For the FER phase, to improve the responses' signal-to-noise ratio (avoiding responses biased by attentional distraction or technical problems in the recordings), we removed trials with RTs > 2500 ms (Pérez-Mata et al., 2012; Hatzidaki et al., 2015; Pelaez et al., 2016) and then also excluded those that fell 3 SDs away from the mean of each subjects' RT. Also, to exclude data that may not reflect our target psychological processes in both phases of the task, we discarded subjects whose mean RTs fell 3 SDs from the sample's mean in each condition (de la Fuente et al., 2019).

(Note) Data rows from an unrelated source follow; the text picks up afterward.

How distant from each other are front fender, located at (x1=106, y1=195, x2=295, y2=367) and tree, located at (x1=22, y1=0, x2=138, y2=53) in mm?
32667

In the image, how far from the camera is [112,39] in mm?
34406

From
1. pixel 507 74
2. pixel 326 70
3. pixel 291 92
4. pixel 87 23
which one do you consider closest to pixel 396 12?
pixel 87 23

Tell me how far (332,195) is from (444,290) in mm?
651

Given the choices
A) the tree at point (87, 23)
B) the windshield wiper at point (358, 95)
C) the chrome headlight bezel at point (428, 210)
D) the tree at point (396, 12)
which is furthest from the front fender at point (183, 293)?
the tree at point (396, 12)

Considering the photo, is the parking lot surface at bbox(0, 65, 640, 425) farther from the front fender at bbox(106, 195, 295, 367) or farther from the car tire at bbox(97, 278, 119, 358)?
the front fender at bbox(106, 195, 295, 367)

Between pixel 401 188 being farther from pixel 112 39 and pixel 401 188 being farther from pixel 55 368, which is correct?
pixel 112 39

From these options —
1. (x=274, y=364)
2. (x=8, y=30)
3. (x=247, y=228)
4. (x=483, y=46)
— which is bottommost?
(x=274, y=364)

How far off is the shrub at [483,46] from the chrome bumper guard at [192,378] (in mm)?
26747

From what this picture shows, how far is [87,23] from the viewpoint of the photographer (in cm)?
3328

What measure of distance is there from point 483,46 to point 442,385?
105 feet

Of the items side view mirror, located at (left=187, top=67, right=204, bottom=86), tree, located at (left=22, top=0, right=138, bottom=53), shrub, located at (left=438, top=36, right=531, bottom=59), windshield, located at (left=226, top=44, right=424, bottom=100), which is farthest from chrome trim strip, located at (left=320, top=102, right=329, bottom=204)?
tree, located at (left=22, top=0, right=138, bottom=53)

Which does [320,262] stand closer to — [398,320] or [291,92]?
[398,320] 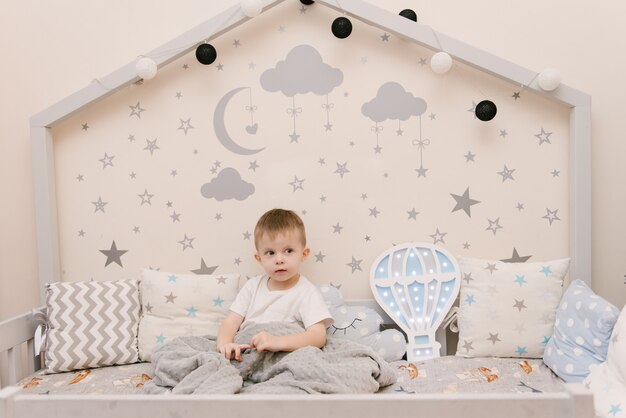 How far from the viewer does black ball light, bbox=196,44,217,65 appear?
169cm

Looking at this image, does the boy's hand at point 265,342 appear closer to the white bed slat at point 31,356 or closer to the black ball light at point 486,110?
the white bed slat at point 31,356

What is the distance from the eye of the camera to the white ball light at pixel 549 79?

Given that Shapiro–Wilk's tests revealed non-normal distributions for FER indexes (Table 8), and that analyses based on non-normalized data may promote Type I and Type II errors, we normalized the IES scores using box-Cox transformation, previously applied in emotion recognition studies (Kuperman et al., 2014; Statucka and Walder, 2017) for behavioral analyses. This approach supersedes traditional normalization procedures as it fulfills the assumptions of normality, linearity, and homoscedasticity (Sakia, 1992; Osborne, 2010), improving results' generalizability and effect size precision (Osborne, 2010). Behaviorally, we predicted that HCs would show enhanced negative FER in the post-Intero condition. To test this hypothesis, FER performance was compared in HCs between conditions for emotion type via two-tailed t tests. Moreover, we hypothesized that such enhancement effect would be selectively disrupted in bvFTD and PD patients relative to HCs. To test this, FER performance was compared between groups via one-way ANOVAs, for each condition and emotion type. More specifically, we performed pairwise comparisons (HCs-bvFTD, HCs-PD, and HCs-AD) via Tukey's HSD tests, to assess specific interoceptive-emotional patterns in each patient group relative to HCs. Effect sizes were reported with Cohen's d and partial η squared (ηp2), as required. All FER behavioral analyses were performed using Pandas package (version 0.25.1) (McKinney, 2010), and Pingouin statistics package (version 0.3.6) (Vallat, 2018) in Python (version 3.7.4, Python Software Foundation), as well as BestNormalize package (Peterson and Cavanaugh, 2020) and lmerTest package (Kuznetsova et al., 2017) in R software (version 4.0.2, R Foundation for Statistical Computing). Figures were generated using the Seaborn Python package (version 0.9.0) (Batsis et al., 2019).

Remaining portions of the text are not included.